New York Times Sues Microsoft, ChatGPT Maker OpenAI Over Copyright Infringement

The New York Times on Wednesday filed a lawsuit against Microsoft and OpenAI, the company behind popular AI chatbot ChatGPT, accusing the companies of creating a business model based on "mass copyright infringement," stating their AI systems "exploit and, in many cases, retain large portions of the copyrightable expression contained in those works:"

Microsoft both invests in and supplies OpenAI, providing it with access to the Redmond, Washington, giant's Azure cloud computing technology.

The publisher said in a filing in the U.S. District Court for the Southern District of New York that it seeks to hold Microsoft and OpenAI to account for the "billions of dollars in statutory and actual damages" it believes it is owed for the "unlawful copying and use of The Times's uniquely valuable works."

[...] The Times said in an emailed statement that it "recognizes the power and potential of GenAI for the public and for journalism," but added that journalistic material should be used for commercial gain with permission from the original source.

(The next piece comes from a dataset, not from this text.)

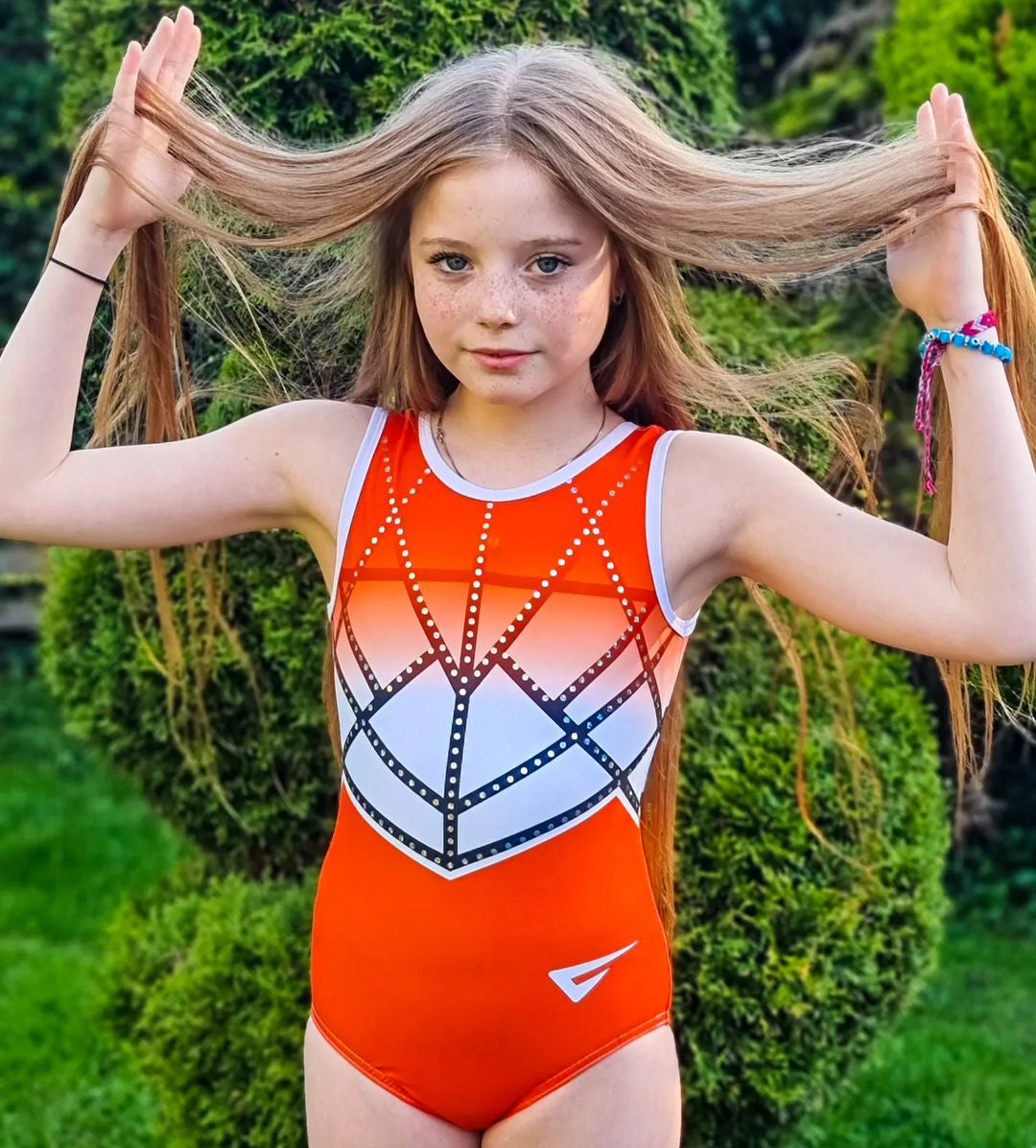 Celeste Orange n Black Sleeveless Tank Girls and Adult Gymnastics Leot ...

"These tools were built with and continue to use independent journalism and content that is only available because we and our peers reported, edited, and fact-checked it at high cost and with considerable expertise," the Times said.

"Settled copyright law protects our journalism and content. If Microsoft and OpenAI want to use our work for commercial purposes, the law requires that they first obtain our permission. They have not done so."

[...] OpenAI has tried to allay news publishers concerns. In December, the company announced a partnership with Axel Springer — the parent company of Business Insider, Politico, and European outlets Bild and Welt — which would license its content to OpenAI in return for a fee.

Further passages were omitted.